Queens Comfort: A Tale of Old Toys, a Pakistani Soap Opera, and Mac & Cheese
The restaurant scene in New York can be unnervingly similar to elementary school friendships.The closing of a restaurant is like a best friend moving to a different country: You know that no one will ever fill that void, and the most aching pains come when someone new arranges their pencil case in the desk where that old friend once sat.
That is precisely how I felt when Blue Restaurant closed on 30th Avenue in Astoria almost three years ago. The regular menu at Blue wasn't even very good, but it had this secret menu--an actual printed secret menu that we in the know could request--loaded with some of the tastiest and dirt-cheapest Mexican food around. Learning that my secret flauta stand was being bulldozed was like a punch in the gut.
The new kid that moved in was called Queens Comfort. And like a stubborn child, I held out for exactly two days before succumbing and giving it a chance. It helped that the menu was loaded with guilty pleasures. Mac and cheese is my kryptonite, and donuts, pot pies, and anything with a soft-centered egg test my willpower as well.

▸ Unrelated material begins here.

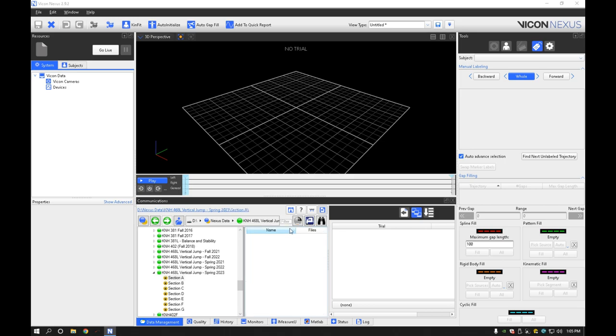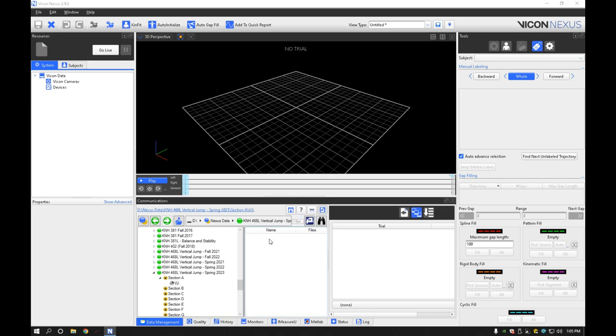So let's go ahead and bring up one of the sections. We're going to go into that one and now we're going to create a session. Here we're going to just call it vertical jump. Easy peasy. Now that we're within this VJ, the vertical jump, we are good to go.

Queens Comfort owner Donnie D'Alessio graduated with a film production degree from the New School, and his prior work experience includes a stint as a videographer for a Pakistani soap opera filmed throughout the United States. The soft-spoken camera-man-turned-restaurateur was never formally trained in a kitchen other than the one owned by his mother and grandmother, which yielded some old family recipes, though he'd collected a team of friends with enough culinary ability to make a restaurant work.
He gave his new space a kitschy makeover: Christmas lights dangle from the ceiling, and bizarre indie films or WWF wrestling matches play on a movie screen on the back wall. Accessories look like they came from a vintage toy attic, with shelves of Halloween masks from the '80s, a remote-control Godzilla, old McDonald's toys, figurines from Michael Jackson's Thriller, and Gizmo in a pink Corvette. There are even haphazardly framed childhood photos of customers above the booths.
And then he got off to a slow start. While the mac and cheese was almost better than my grandmother's, it was inconsistent. And while the Tabasco-and-honey-doused fried chicken biscuit convinced me that it was no longer necessary for me to ZipCar to Pies 'n' Thighs in Brooklyn, the wait time to get it verged on agonizingly long some days. But most notably, the menu then had nothing for someone not wishing to binge on carbs--not to mention vegetarians--making it difficult to coerce my herbivore friends into joining me for Sunday brunch.